More than seven thousand languages are spoken in the world today. Probably none of them was spoken when God first divided their languages. Instead, those first languages were probably the proto-languages that began the families of languages in the world today. Study of languages and the history of languages quickly becomes complicated, yet fascinating. The consequence of having many languages in the world, though, is the existence of language barriers. These make it hard for people to communicate, to understand one another, and to work together.
God understands languages and communication. According to the Bible, God created by speaking. He said, “Let there be light,” and there was light. According to the Bible, God’s Son is a message of love from God to the world. He is called the Word: “In the beginning was the Word, and the Word was with God, and the Word was God… and the Word became flesh and made his dwelling among us.” God’s message through Moses, the Old Testament prophets, and the New Testament apostles is also identified as the Word of God: “Your Word is a light to my feet and a lamp for my path”; “Prophecy never had its origin in the will of man, but men spoke from God as they were carried along by the Holy Spirit.”

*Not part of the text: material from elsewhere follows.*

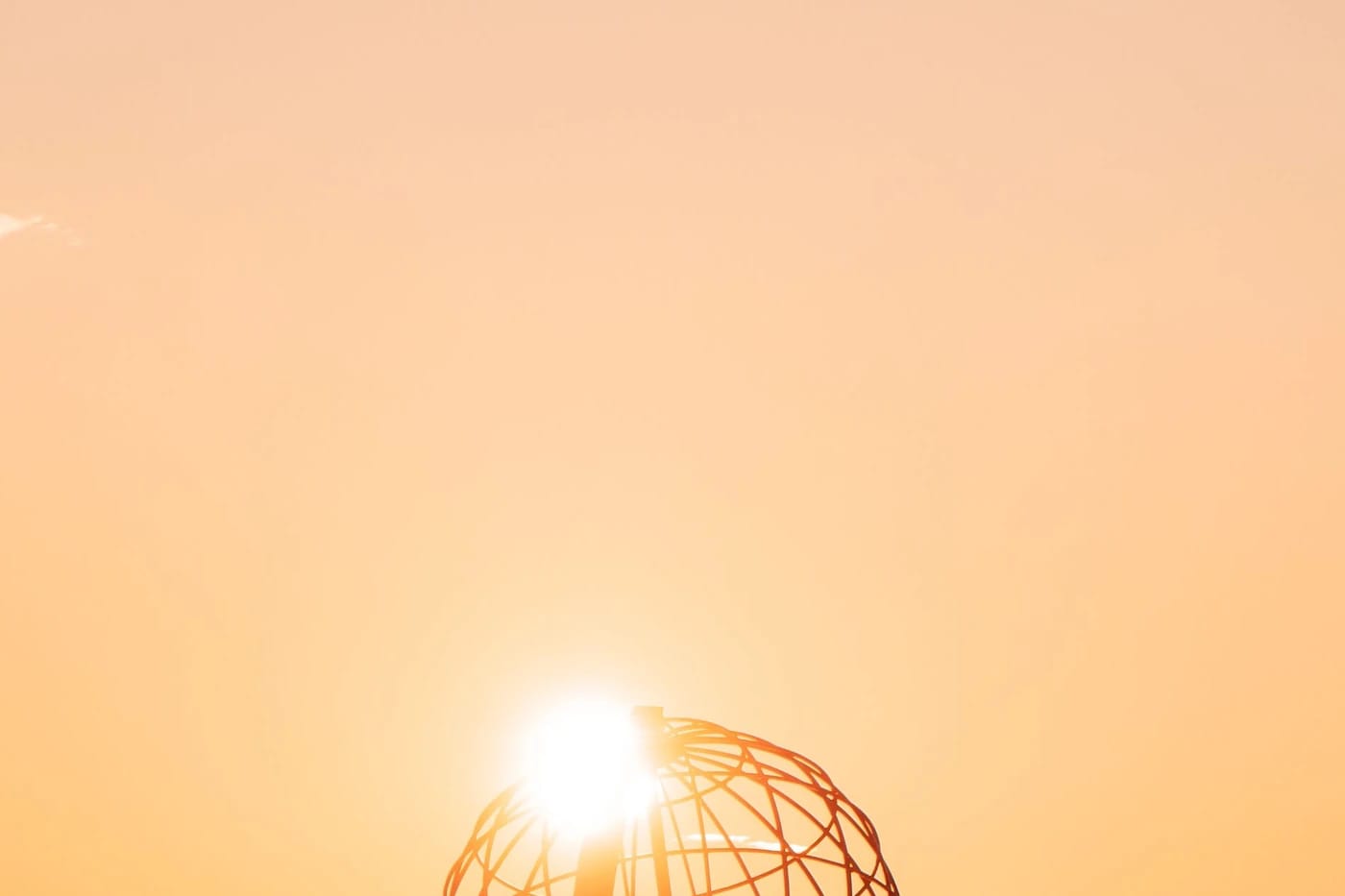 Aurinko maapalloveistoksen läpi Nordkapissa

For this reason, the Holy Spirit broke down language barriers on the first Christian Pentecost. One hundred fifty believers in Jesus were gathered in Jerusalem, probably in some part of the Temple complex. The Holy Spirit made his presence among them known with the sound of a mighty wind. (In Old Testament Hebrew and New Testament Greek, the same words are used for wind, breath, and spirit—“ruach” in Hebrew, and “pneuma” in Greek.) The Holy Spirit marked each Christian with a flame. He then enabled them to speak about Jesus in languages they had never studied. Hearing the news about Jesus in their own languages, many people in Jerusalem repented of their sins, believed in Jesus, and were baptized. Then they carried this message about Jesus back to their home cities, their families, and their communities.
The Bible makes it clear that the Church consists of people from every language, nation, people, and culture. On this Pentecost Day, around the world, the message of Jesus is shared in all of the seven thousand languages spoken on Earth. Prayers and hymns of praise are raised to God in all these languages. The same Jesus is Lord and Savior to people in every part of the world. When he appears in glory, he will claim people from every language and every culture as citizens of his kingdom and members of his royal family.
Christians celebrate Pentecost to rejoice over God’s victory. He has defeated sinful pride and stubbornness. He has defeated the consequences of sin. He has even defeated the language barrier, God’s response to the pride and rebellion of sinful people long ago. His Holy Spirit unites believers from every tribe and nation and culture and language, all of whom trust in Christ and believe his promises. J.